Анна Петровна сидела на заднем сиденье, сложив руки на груди, как подросток, которого поймали на шалости, и теперь он всем мстит молчанием.
Когда подъехали к её дому, Миша выгрузил вещи у подъезда.
— Спасибо, сынок, — сказала она с ледяной улыбкой. — Не забудь, что мать у тебя одна. И когда-нибудь тебе это вспомнится.
Вика уже собиралась сказать что-то резкое, но Миша лишь кивнул и сел в машину.
Дома они молчали долго. Вика мыла посуду, он сидел в кресле.
— Ты на меня не злишься? — наконец спросил он.
— Нет, — она вздохнула. — Я просто устала. Но знаешь, я поняла одну вещь.
— Какую?
— Что семью нужно защищать.

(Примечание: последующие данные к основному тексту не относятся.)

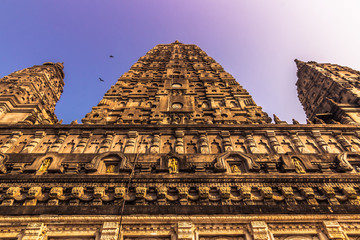 October 30, 2014: Detail of the Mahadobhi temple in Bodhgaya, India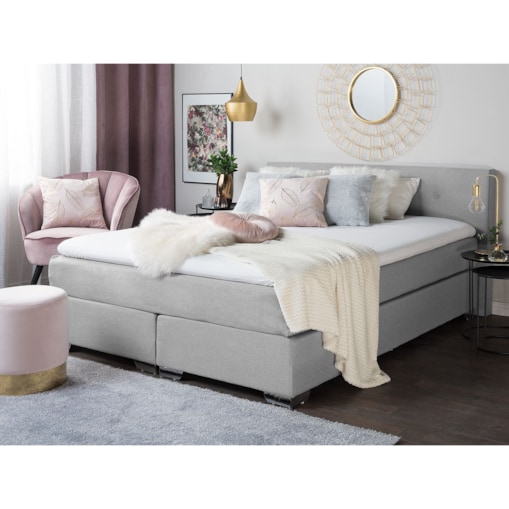 Łóżko kontynentalne tapicerowane 160 x 200 cm szare CONSUL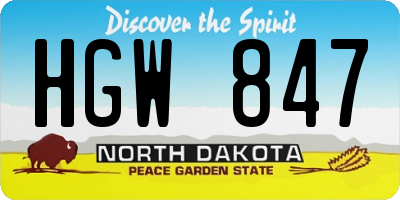 ND license plate HGW847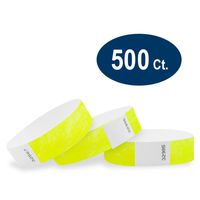 WristCo Neon Yellow 3/4" Tyvek Wristbands - 500 Pack Paper Wristbands for Events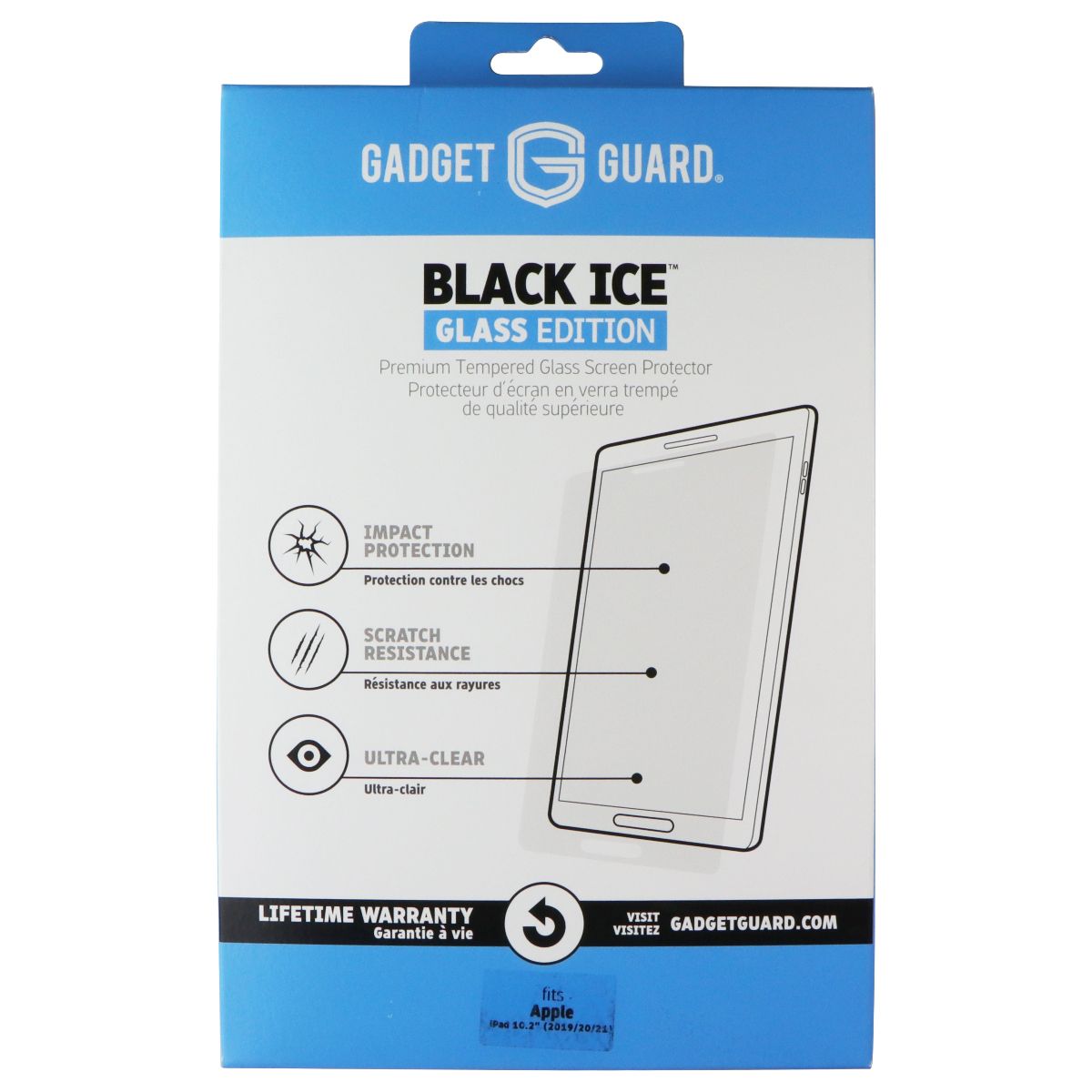 Gadget Guard Black Ice Glass Edition for Apple iPad 10.2-inch (2019/2020/2021) iPad/Tablet Accessories - Screen Protectors Gadget Guard - Simple Cell Bulk Wholesale Pricing - USA Seller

Даже от семьи.
Миша кивнул. И это было впервые за всё время, когда они смотрели друг на друга без тени недосказанности.
Вечером Вика села на диван, закутавшись в плед. В квартире стояла тишина. Настоящая, глубокая, как глоток чистого воздуха.
Она слушала, как за окном дождь стучит по подоконнику, и чувствовала — всё, что надо было сказать и сделать, уже сделано.
Её последний взгляд упал на пустой угол, где раньше стоял чужой чемодан.
Вот она, моя победа — пространство, в котором я снова могу дышать.